Speaking in a statement, the CEO of LedgerX Paul Chou said:
“Not only are they [futures] delivered physically in the sense that our customers can get Bitcoin after the futures expires, but also they can deposit Bitcoin to trade in the first place. Cash-settled is cash-in and cash-out, we’re Bitcoin-in Bitcoin-out.”
The LegerX Futures product was open to both individual traders and institutional clients however those looking to trade on the derivatives exchange were required to go through a KYC procedure. According to the platform, retail and institutional traders would have had different accounts. So with this, retail traders would be able to utilise the new Omni platform that has connections with LedgerX while those with millions in assets would use “LedgerX other products.”

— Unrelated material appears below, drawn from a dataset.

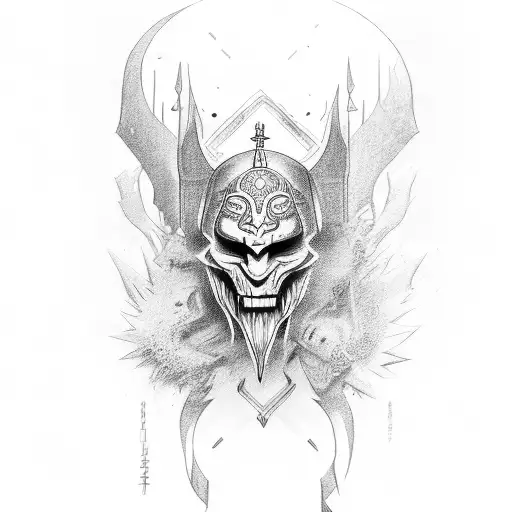 God as a warrior tattoo design idea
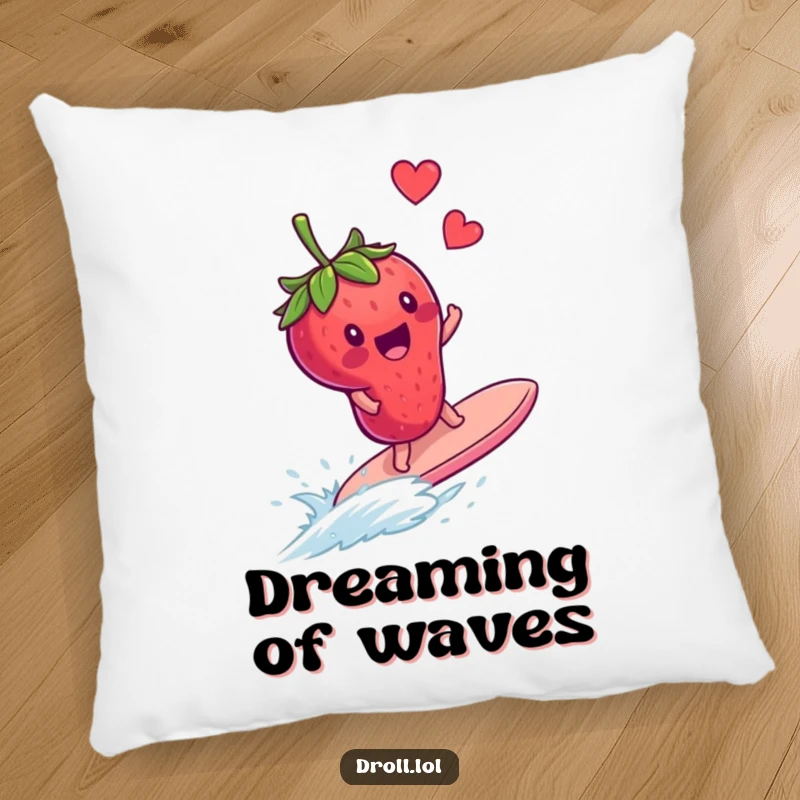 Funny pillow design: a happy strawberry riding a runaway blueberry, creating a comical and endearing scene for your sofa.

As reported by Ethereum World News, as it is physically-settled, customers who interact with the futures contract would receive actual Bitcoins when the contracts expire. Despite this, bitcoin futures have been able to get into the United States market space. With this LedgerX’s futures contracts were the only ones that physically-settles, competing with Bakkt who are looking for approvals from the CFTC.
Chou went onto say:
“If you imagine somebody that deposits Bitcoin, they would not have to use the US banking system at all. That’s why physically-settled is very important. I think it’s one of the most unique use cases for Bitcoin, where you’re using cryptocurrencies as collateral. As a digital commodity, Bitcoin trades 24/7/365 and our customers expect that from us, so if you trade Sunday night, the banking system did not have to open.”